If we can't even supply jobs to those alive now, how can we supply jobs to a world where there are BILLIONS more people?
What, are jobs dug up out of the ground and burned up? How many years of jobs do we have left before we've used them all up? (Let's ask Jeremy Rifkin. He's probably writing a book warning us about it as we speak.)
If you have billions more people, you'll have billions of additional customers, people with needs to fill and problems to solve. Of course, there are business cycles of expansion and contraction, and there are secular shifts of jobs from old industries to new industries and from one region to another.
However, this notion of "we [inevitably meaning The Government] have to supply jobs" needs a secular shift of its own toward a reduction in the friction one encounters when trying to create jobs, especially for oneself and maybe a few friends.

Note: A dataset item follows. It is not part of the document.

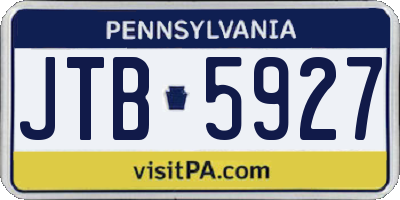 PA license plate JTB5927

I'm not suggesting a totally unregulated black market free-for-all. It's hard to create a good job for yourself in such an environment, too. Just an environment in which the government (and a lot of people) think less about creating or retaining jobs and more about how to make it easy and uncomplicated for average joes to (repeatedly) create their own jobs and jobs for their friends and colleagues.
"Those who have never entered upon scientific pursuits know not a tithe of the poetry by which they are surrounded."
Most people that make any significant contributions to their field do so before they're 30.
In 300 years, current modes of human cognition will be outdated and irrelevant to the people actually getting work done. If we manage to catch the wave of increasing longevity and ride it that far, we will either no longer be anything like we are now, or we will be fossils and relics kept around by our successors as we do children and the elderly today. The future of progress will be in enhanced intelligence. Whether this intelligence is machine or augmented biology is irrelevant. Once it becomes possible to be smarter than human, it will be a societal inevitability.
People who grow useless past age 30 will be a thing of the past unless the next generation's model of thinking is as vastly superior to theirs as a modern computer is to it's decade old ancestor.
If it's for-profit but free, you're not the customer -- you're the product (e.g., the Slashdot Beta's "audience").